- Domeli Location in Punjab, India Domeli Domeli (India)
- Coordinates: 31°20′56″N 75°47′27″E﻿ / ﻿31.3488953°N 75.7907349°E
- Country: India
- State: Punjab
- District: Kapurthala

Population (2001)
- • Total: 3,000

Languages
- • Official: Punjabi
- Time zone: UTC+5:30 (IST)
- PIN: 144407
- Telephone code: 01824
- Vehicle registration: PB-36
- Nearest city: Phagwara

= Domeli, Kapurthala =

Domeli is a village in Tehsil Phagwara, Kapurthala district, in Punjab, India.

==Demographics==
According to the 2001 Census, Domeli has a population of 3,000 people. But now the population has increased by four times. Neighbouring villages include Gujratan, Miranpur, Rehana Jattan, Bhabhiana, Babeli, Dugga, Musapur, Jethpur, Bhakriana and Lutera Kalan.

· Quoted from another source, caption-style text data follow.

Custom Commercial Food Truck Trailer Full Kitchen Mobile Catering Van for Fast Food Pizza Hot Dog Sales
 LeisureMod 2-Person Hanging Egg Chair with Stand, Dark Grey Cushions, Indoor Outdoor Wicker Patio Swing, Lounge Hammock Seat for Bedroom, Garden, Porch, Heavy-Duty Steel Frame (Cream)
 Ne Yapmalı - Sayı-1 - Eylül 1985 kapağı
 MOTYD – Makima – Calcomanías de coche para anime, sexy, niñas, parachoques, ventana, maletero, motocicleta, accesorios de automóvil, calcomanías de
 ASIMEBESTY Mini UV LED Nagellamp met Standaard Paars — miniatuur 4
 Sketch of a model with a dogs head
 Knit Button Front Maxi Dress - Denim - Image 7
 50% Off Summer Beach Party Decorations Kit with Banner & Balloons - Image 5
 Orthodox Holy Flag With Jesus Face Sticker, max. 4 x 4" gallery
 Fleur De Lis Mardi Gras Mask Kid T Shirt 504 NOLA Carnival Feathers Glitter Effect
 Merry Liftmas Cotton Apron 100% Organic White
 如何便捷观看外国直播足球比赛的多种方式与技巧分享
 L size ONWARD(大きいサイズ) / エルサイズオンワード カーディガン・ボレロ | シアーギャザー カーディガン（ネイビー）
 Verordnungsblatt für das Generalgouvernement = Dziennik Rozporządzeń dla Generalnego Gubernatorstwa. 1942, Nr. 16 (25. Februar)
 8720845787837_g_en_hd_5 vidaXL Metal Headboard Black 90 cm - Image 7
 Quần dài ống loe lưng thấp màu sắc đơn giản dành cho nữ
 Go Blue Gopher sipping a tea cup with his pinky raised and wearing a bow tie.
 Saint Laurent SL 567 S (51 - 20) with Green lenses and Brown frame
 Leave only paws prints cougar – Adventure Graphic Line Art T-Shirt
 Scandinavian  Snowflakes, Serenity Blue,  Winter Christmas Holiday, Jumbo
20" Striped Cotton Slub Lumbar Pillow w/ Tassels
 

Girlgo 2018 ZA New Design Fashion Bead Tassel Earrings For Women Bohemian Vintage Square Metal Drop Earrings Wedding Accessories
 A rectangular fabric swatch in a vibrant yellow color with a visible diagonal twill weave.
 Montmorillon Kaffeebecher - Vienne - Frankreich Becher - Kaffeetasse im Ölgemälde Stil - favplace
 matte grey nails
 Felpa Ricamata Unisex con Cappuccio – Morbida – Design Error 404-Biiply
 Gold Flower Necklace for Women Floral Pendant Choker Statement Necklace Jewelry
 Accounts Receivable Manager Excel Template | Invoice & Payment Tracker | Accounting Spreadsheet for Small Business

==Gurdwara Thamm Sahib Patshahi Chhevin (6th)==
Domeli is sacred to Guru Hargobind Sahib Ji who, according to local tradition, visited the village on 11 Chet 1695 Bk / 9 March 1638. The Gurdwara dedicated to the Guru Ji's visit is the Thamm Sahib Patshahi Chevin (6th). It is said that the Guru Ji installed a wooden column (thamm, in Punjabi) which is preserved as a sacred relic. The Gurdwara, entered through a small gateway opening on a narrow lane inside the village, is a hall with a high, vaulted ceiling.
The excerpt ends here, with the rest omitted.